BEGIN DATASET RECORDS
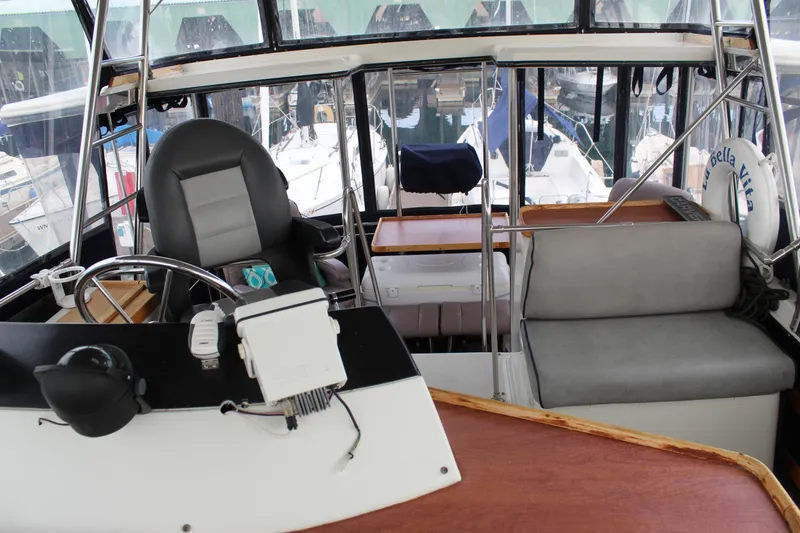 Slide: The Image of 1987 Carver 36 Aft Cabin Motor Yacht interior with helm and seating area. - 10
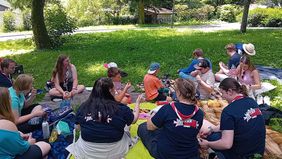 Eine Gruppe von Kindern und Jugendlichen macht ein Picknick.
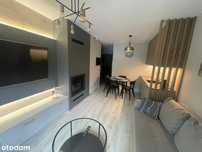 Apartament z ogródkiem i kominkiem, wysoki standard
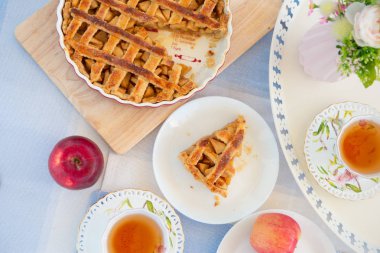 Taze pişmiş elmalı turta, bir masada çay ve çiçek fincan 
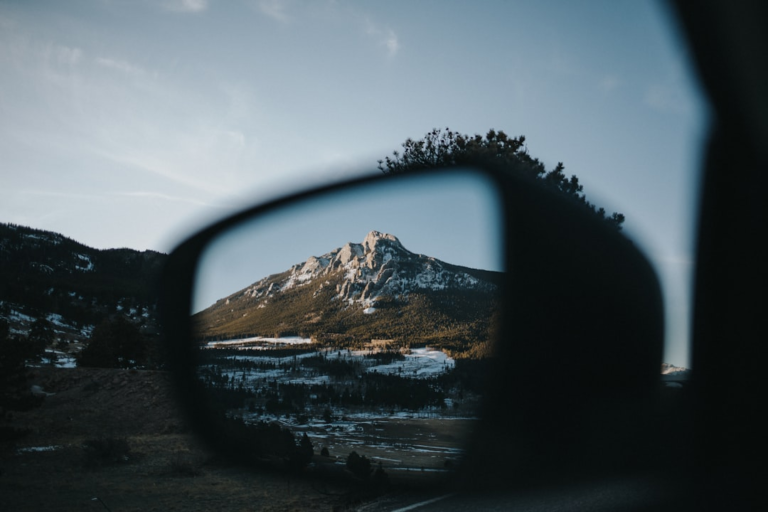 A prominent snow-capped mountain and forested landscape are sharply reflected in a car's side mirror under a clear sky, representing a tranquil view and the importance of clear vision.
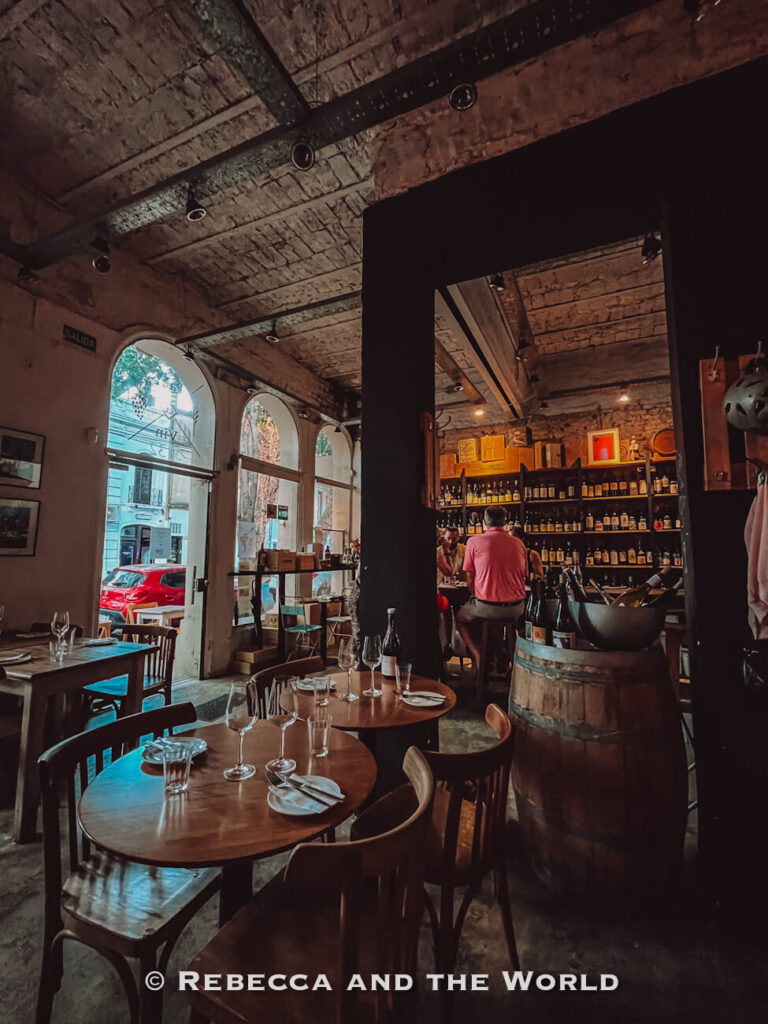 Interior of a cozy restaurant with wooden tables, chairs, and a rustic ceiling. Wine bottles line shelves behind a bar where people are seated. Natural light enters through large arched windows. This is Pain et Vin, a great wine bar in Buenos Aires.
END DATASET RECORDS
> **TASK DIRECTIONS**
Copy the lines above between the one holding "Eine Gruppe von" and the one holding "A prominent snow-capped", inclusive. Drop the pictures.

> **FINISHED EXERCISE**
 Eine Gruppe von Kindern und Jugendlichen macht ein Picknick.
 Apartament z ogródkiem i kominkiem, wysoki standard
 Taze pişmiş elmalı turta, bir masada çay ve çiçek fincan 
 A prominent snow-capped mountain and forested landscape are sharply reflected in a car's side mirror under a clear sky, representing a tranquil view and the importance of clear vision.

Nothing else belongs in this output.